Tamanho trabalho árduo gera frutos mínimos observando tais números, mesmo que supostos. Comparar línguas, encontrar nelas reminiscências de outra, e nesta se deparar com resquícios, e para fim encontrar nestes sopros ou ecos de um passado de difícil acesso de uma língua. É de semelhante dificuldade que os paleontólogos partilham ao encontrarem o osso da ponta da cauda de um gigantesco brontossauro (um dos dinossauros de maior comprimento de que se tem notícia).
Na reportagem mencionada, logo de cara nos deparamos com um fato comprovado: essa investigação não é algo oriundo dos tempos modernos. Bem antes do nascimento de Cristo, um faraó já refletia sobre a língua dos homens. As mais bizarras experiências foram feitas para tentar descobrir qual era a língua dos primórdios. Bebês eram criados sem nenhum contato social e verbal, se preciso fosse o suprimento alimentício seria cortado para que eles fossem instigados a usar a língua original. No entanto, ao que consta, foi um fiasco. Mas o desejo de descobrir a “avó” de todas as mães de todas as línguas resistiu ao tempo e as experiências com crianças. Chegou aos tempos modernos e com eles encontrou novos meios de estudar as similaridades que as línguas tinham entre si, assim dando início a Linguística Histórica e realçando os interesses da Filologia.

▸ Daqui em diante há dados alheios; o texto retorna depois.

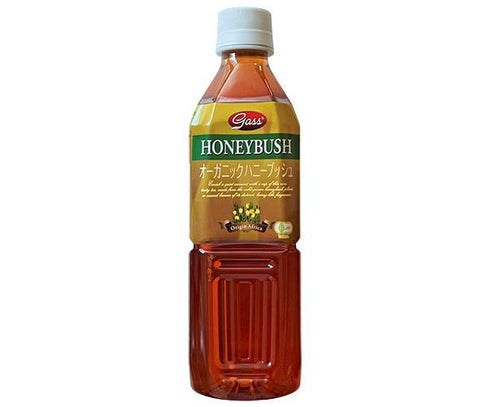 Gass Bio Honey Bush Tea bouteille plastique 500 ml x 24 pièces 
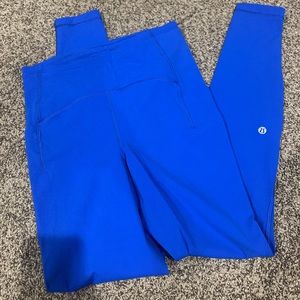 Lululemon fast and free 28” leggings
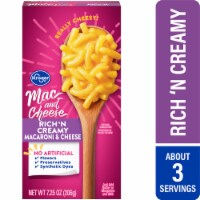 Kraft Thick 'n Creamy Mac N Cheese Macaroni and Cheese Dinner, 4 ct - Fry's  Food Stores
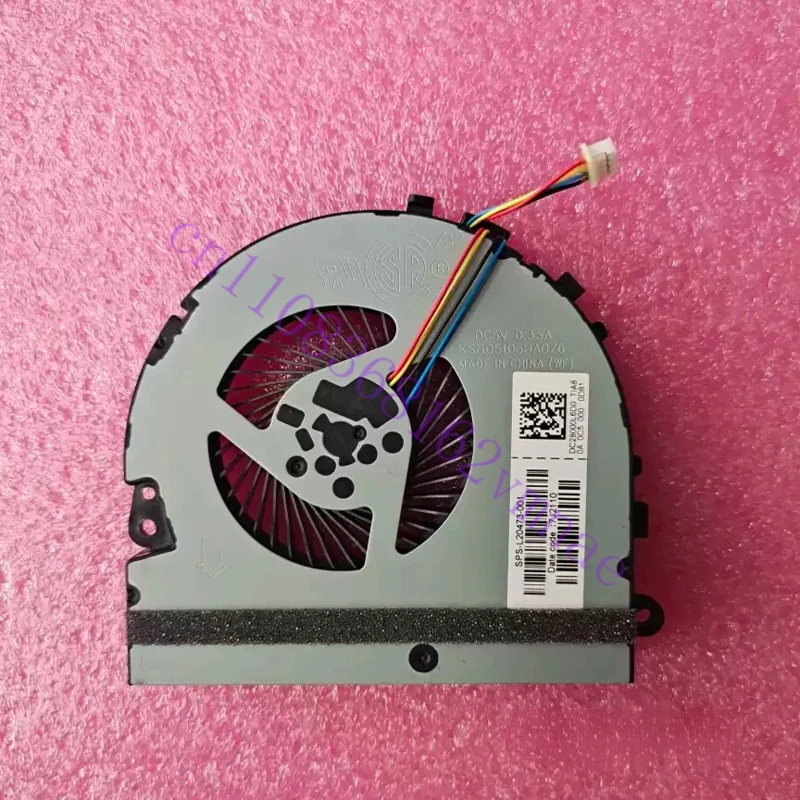 Cooling Fan For HP 15DA 15-DA001 DA002 da0014TX 15-DB/AC 15-BW  TPN-C135 C136 KSB05105HADZ6 L20473-001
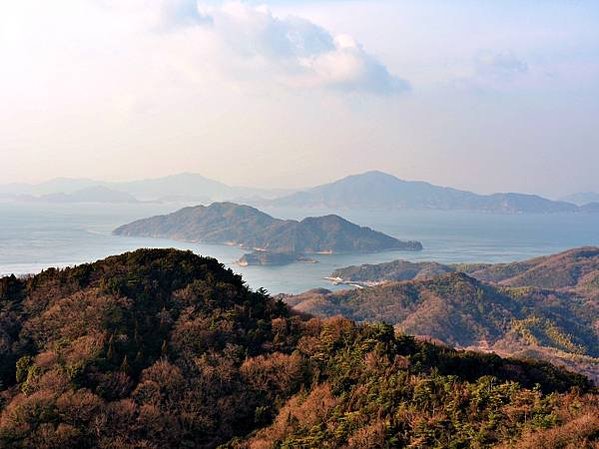 【愛媛縣｜大島】隈研吾*龜老山展望台，眺望島波海道絕景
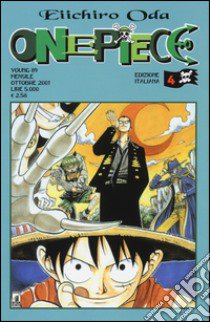 One piece. Vol. 4 libro di Oda Eiichiro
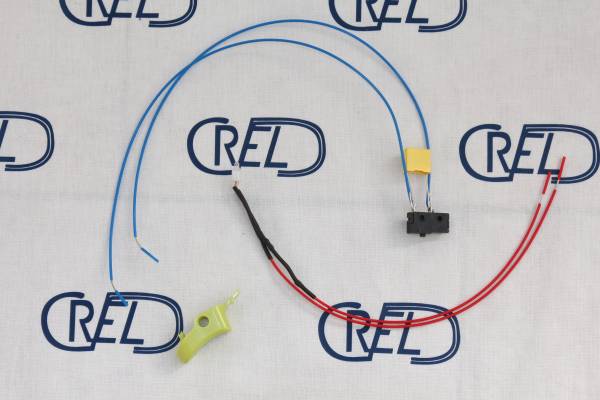 Cablaggio Con Microinterruttore E Lampada Ferro Imetec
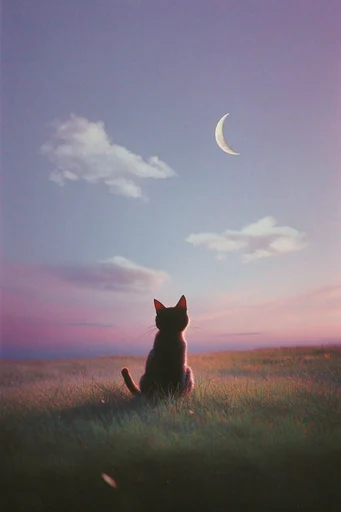 Ethereal Twilight Surrealism style reference image — gradient atmosphere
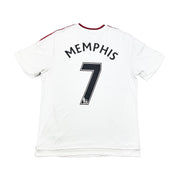 2015/16 Manchester United Memphis #7 Auswärtstrikot (XL) Adidas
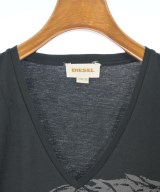 DIESEL（ディーゼル）Tシャツ・カットソー 黒 サイズ:XS レディース/2200625981946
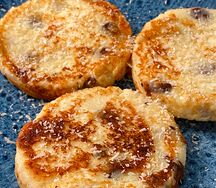 Сырники с изюмом 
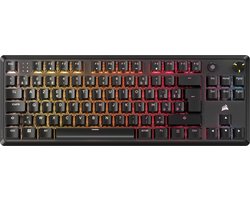 Corsair K70 CORE TKL - Clavier Gaming Mécanique - AZERTY - LED RGB - Switch Rouge MLX - Zwart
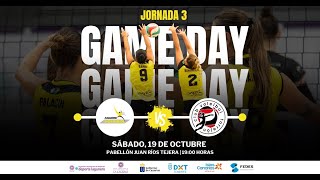 Fedes Ascensores Ciudad de La Laguna vs CV Torrejón  SUPERLIGA 2 FEMENINA  20242025 [upl. by Ophelie]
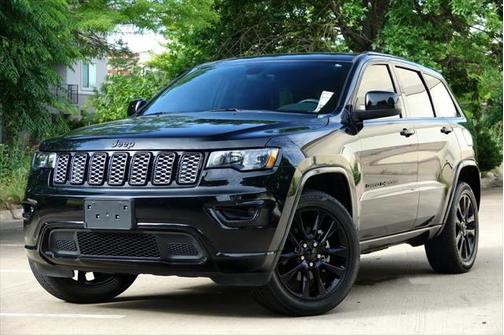 2018 Jeep Grand Cherokee Altitude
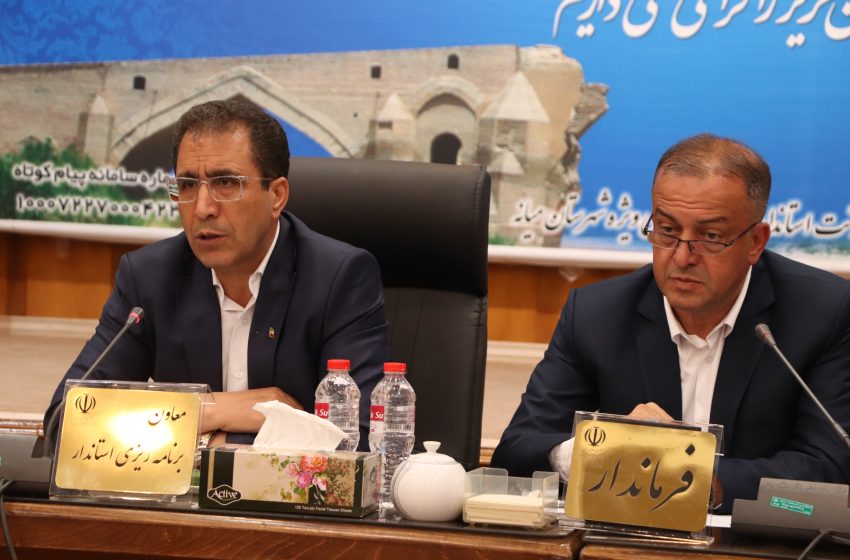  جهت گیری استاندار اعتماد به نیروی درون سازمانی است / فلسفه حضور در فرمانداری ها و  زیرمجموعه های فرمانداری ارزیابی وضعیت و احصا نیاز ها است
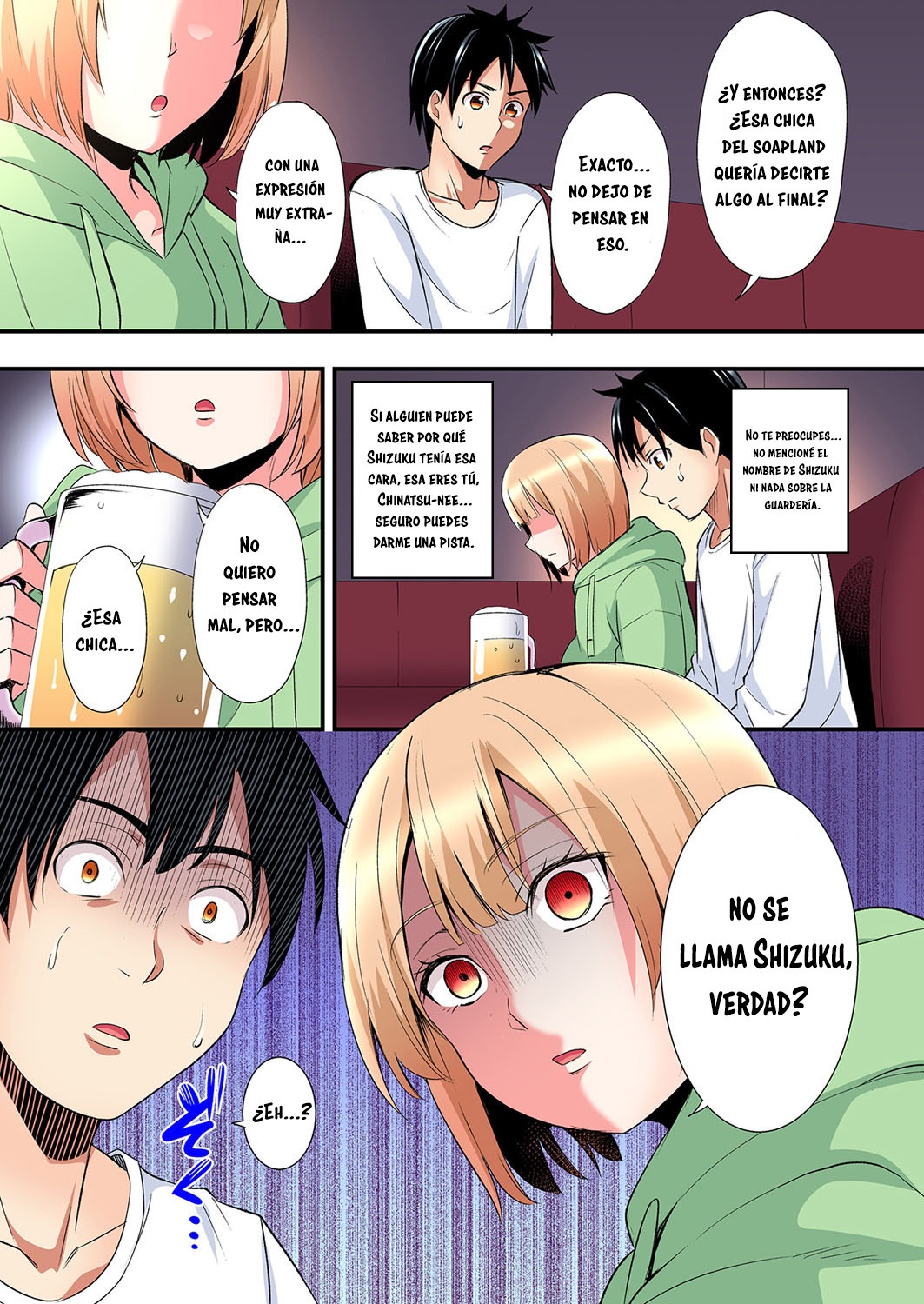 Técnicas sexuales con una mamá gyaru Capítulo 95 - Página 8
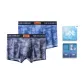 Light Blue+Dark Gray (Refined Box 2 Pack)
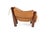 Brown Mid Century Brazilian Modernist Lounge Chair + Ottoman — Percival Lafer — Model Mp-211 — Brown Leather + Rosewood For Sale - Image 8 of 17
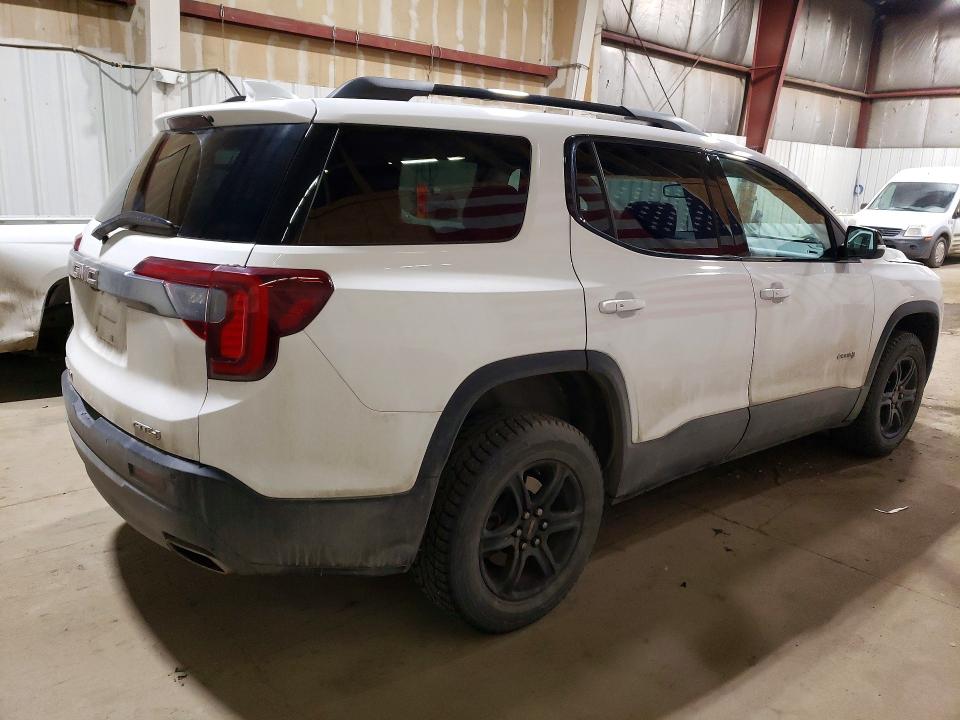 2020 Gmc Acadia VIN 1GKKNLLS5LZ124908 COPART salvage auction — FRONT END, Salvage Title, sold $25 on 2026-07-28 (photo 3)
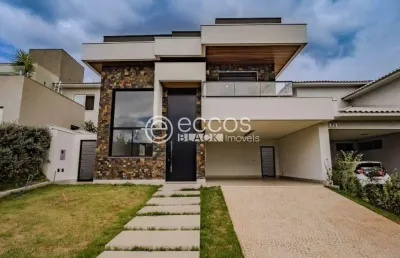 Casa à venda, 5 quartos, 5 suítes, 4 vagas, shopping park - uberlândia/mg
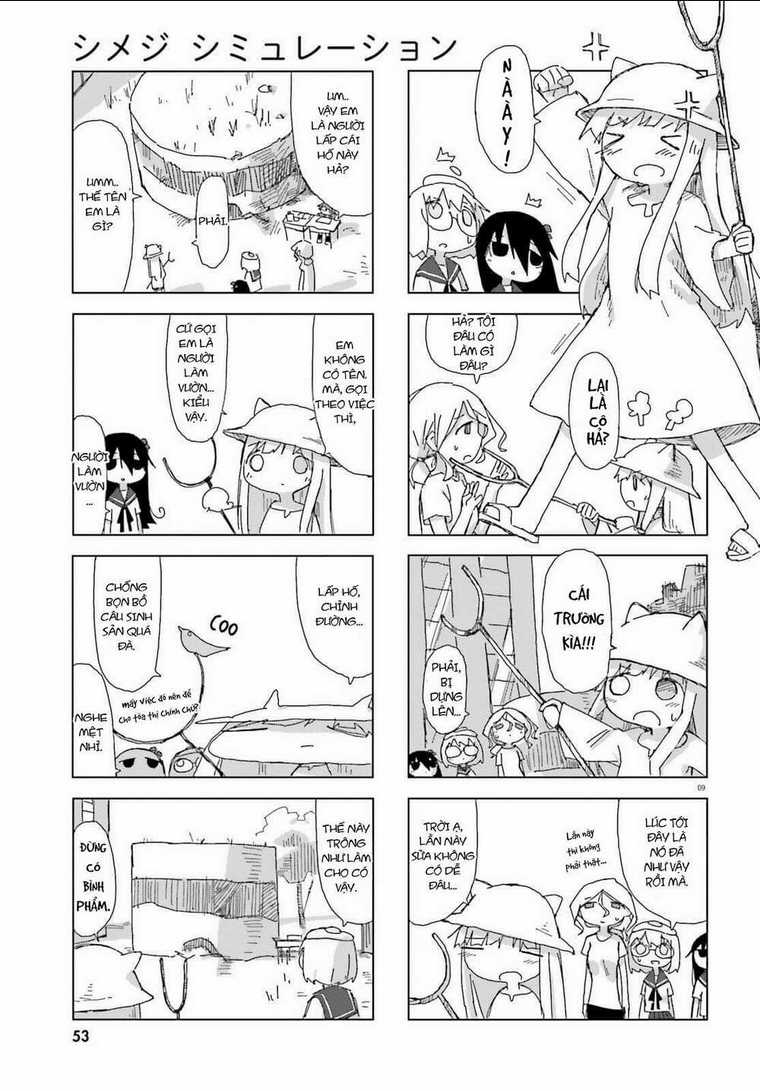 Shimeji Simulation - Chapter 21 - Trang 8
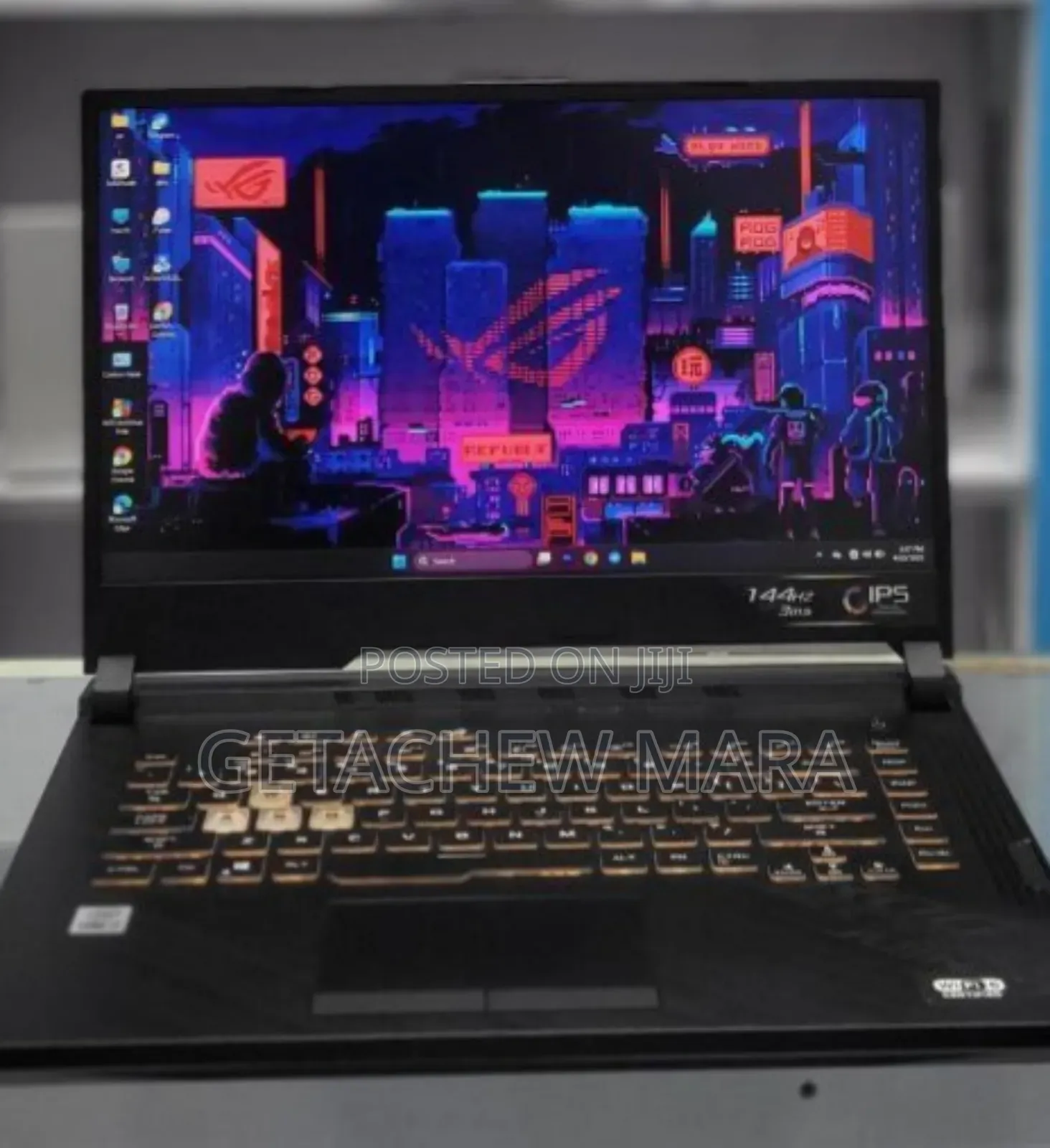 New Laptop Asus ROG Strix G15 16GB Intel Core I7 SSD 512GB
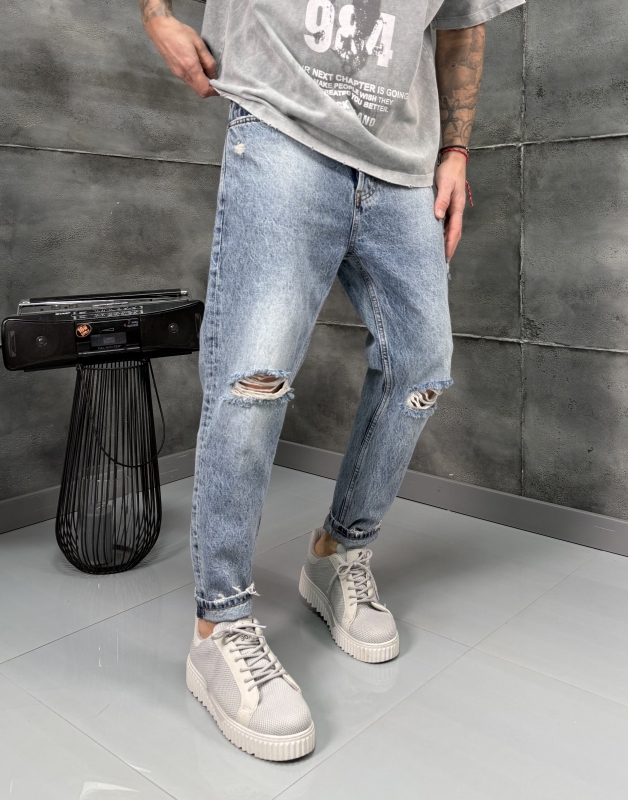 Мъжки дънки ICE RIPPED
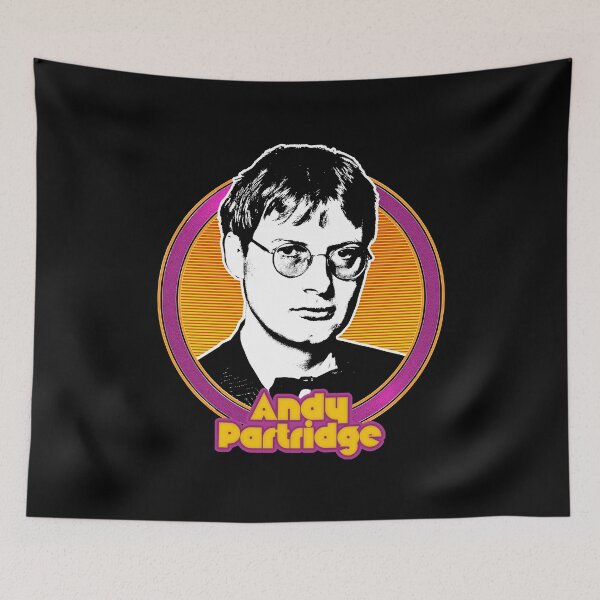 Item preview, Andy Partridge ∆∆ Vintage Look Original Design designed and sold by AestheticNow.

Um dos pontos que ponho em cheque nesse momento final do texto, talvez culminante para toda a minha argumentação, são os justos exemplos dados ao fim da reportagem. Aqui cito o parágrafo:
Uma delas é a incrível semelhança de palavras entre as línguas indígenas da América pré-colombiana e idiomas falados pelos povos do Mediterrâneo e Oriente Médio. Por exemplo, os índios araucanos do Chile usam a mesma palavra que os antigos egípcios, anta, para designar o Sol e a mesma palavra que os antigos sumérios, bal, para machado. A palavra araucana para cidade é kar, semelhante a cidade em fenício, que é kart. (SUPERINTERESSANTE, pg.??, 1990)
Os linguistas, bem como os filólogos, trabalham com muito pouco para dizer tanto. Não afirmo que seja um trabalho em vão, que tais estudos não levarão a lugar algum, no entanto já se percebeu que as famílias e as proto-famílias não são realmente línguas concretas: na verdade são suposições das originais, posto que não haja documentos escritos em tais línguas. É preciso tomar cuidado, pois uma língua possuir palavras semelhantes, ou de mesmos significados, ou mesmo idênticas a outras não significará propriamente que sejam irmãs, primas, netas, filhas ou mães.
¹ Número da revista não identificado, bem como o mês de publicação
²No texto original se encontra “dose”, mas para ajudar na compreensão a correção foi feita.
³Uma língua morta não significa que não é mais usada. Na verdade é uma língua que não é mais falada pelo povo.